Als Erfolgsfaktor nannte Sorger vor allem die EU-Erweiterung, die in Punkto Zukäufe für Österreichs Unternehmen 2005 "eine Erfolgsstory sondergleichen" gewesen sei. Heqadquarters könnten dadurch in Österreich gehalten werden. Vor alle im Bankensektor seien die heimischen Unternehmen "jetzt ein großer Player". Dadurch würden auch Arbeitsplätze im Inland abgesichert.
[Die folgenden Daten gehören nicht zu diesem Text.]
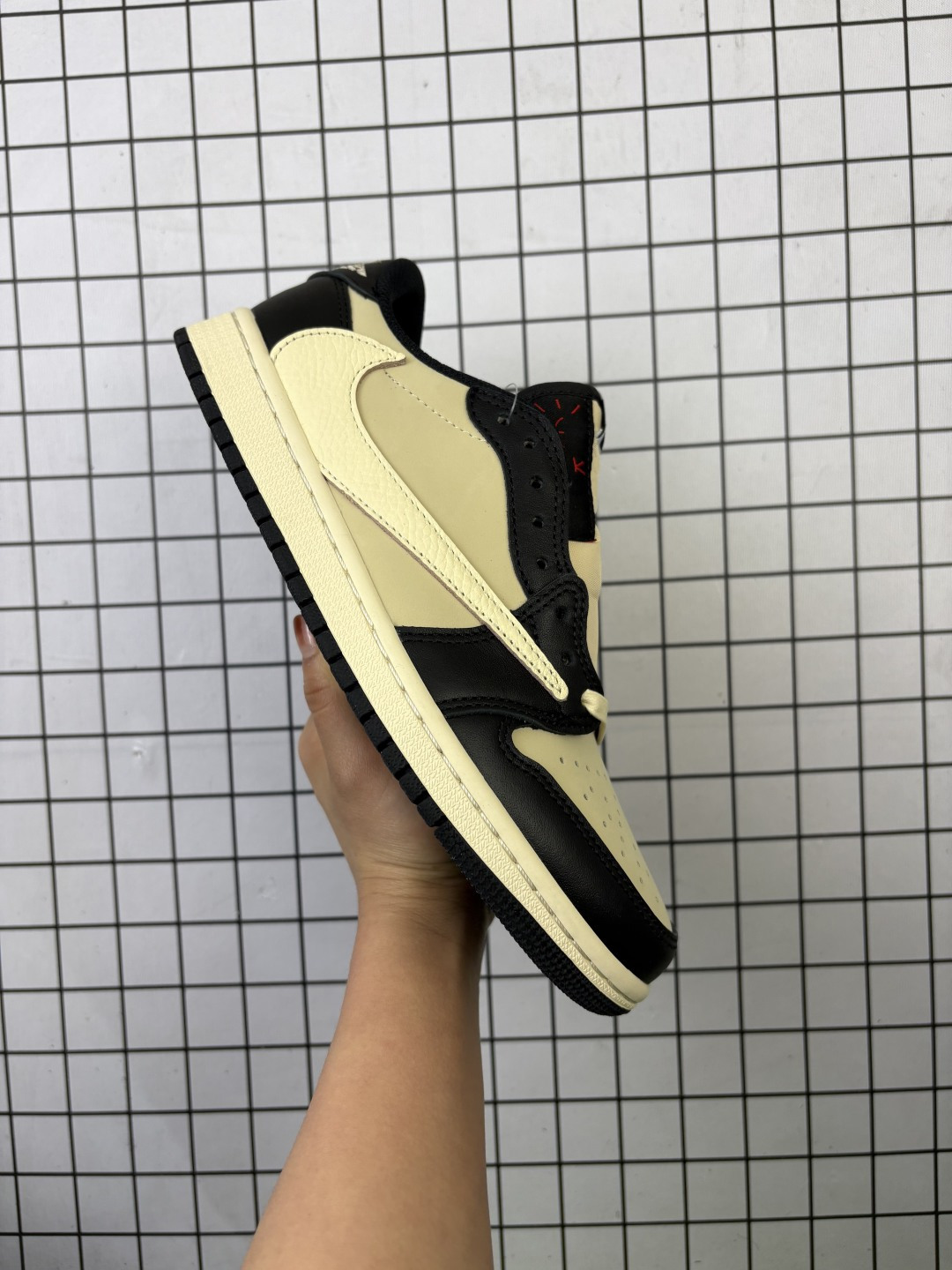 💰180
公司级✅Nike Air Jordan 1 x Travis Scott AJ1倒勾 乔一倒钩 耐克 低帮文化篮球鞋
升级原楦原档案数据开发纸版楦型 采用同源纳帕头层皮革鞋面材质 全新底模完美品相清洁度及喷漆效果 完美品质出货 细节如图所示 鞋面切割工整 冲孔整齐干净 中底拉帮线 整体清洁度非常好
货号:CQ4277-001
尺码:36 36.5 37.5 38 38.5 39 40 40.5 41 42 42.5 43 44 45 46 47.5
编码719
Arbeitsplätze in Industrie stabil

In Summe blieb die Zahl der Arbeitsplätze in der Industrie im Vorjahr stabil. Dass die Arbeitslosigkeit in Österreich dennoch gestiegen ist, führt die IV vor allem auf den Zuzug ostdeutscher Arbeitskräfte und die wachsende Zahl der Arbeitnehmerinnen zurück.

Die IV plädiert dennoch dafür, die Übergangsfristen im Rahmen der EU-Erweiterung für den heimischen Arbeitsmarkt so früh wie womöglich abzuschaffen. Es sei "zwar zur Kenntnis zu nehmen, dass hier vor den Wahlen nichts passieren wird", sagte IV-Generalsekretär Markus Beyrer. Eine Verlängerung über 2009 hinaus, wie von ÖVP-Klubobmann Wilhelm Molterer zuletzt angekündigt, ist ihm zufolge aber noch lange nicht fix. Eine Gefahr für den heimischen Arbeitsmarkt sieht Beyrer nicht.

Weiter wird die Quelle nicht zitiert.